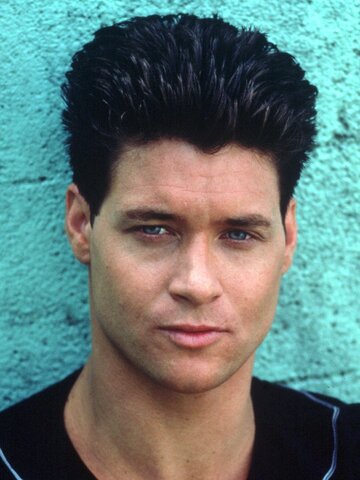 Bryan Genesse Headshot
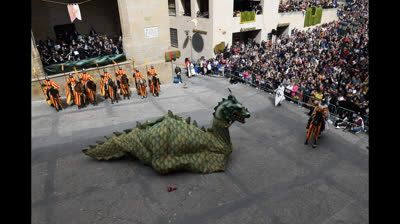 IMAGENES FIESTA VENCIMIENTO DRAGON EN ALCAÑIZ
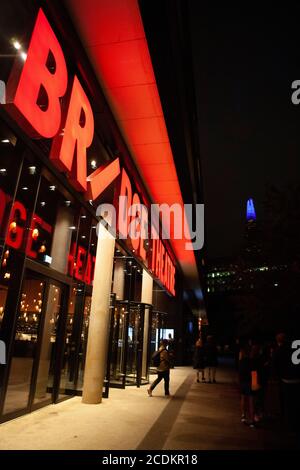 Londra, Regno Unito: 28 agosto 2020: I membri del pubblico lasciano il Bridge Theatre, che ha riaperto questa settimana per il pubblico dal vivo. Ralph Fiennes esegue un monologo autobiografico di David Hare, 'Beat the Devil', sulla pandemia del coronavirus e l'esperienza personale del drammaturgo di soffrire di COVID-19. Un pubblico di soli 250 persone sedette su sedili socialmente distanziati e fu chiesto di indossare copriviso ovunque. Anna Watson/Alamy Live News Foto Stock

************

(Assignment): Output the data above in full and exactly, with every image left out.

(Reply to the task):
 Bryan Genesse Headshot
 IMAGENES FIESTA VENCIMIENTO DRAGON EN ALCAÑIZ
 Londra, Regno Unito: 28 agosto 2020: I membri del pubblico lasciano il Bridge Theatre, che ha riaperto questa settimana per il pubblico dal vivo. Ralph Fiennes esegue un monologo autobiografico di David Hare, 'Beat the Devil', sulla pandemia del coronavirus e l'esperienza personale del drammaturgo di soffrire di COVID-19. Un pubblico di soli 250 persone sedette su sedili socialmente distanziati e fu chiesto di indossare copriviso ovunque. Anna Watson/Alamy Live News Foto Stock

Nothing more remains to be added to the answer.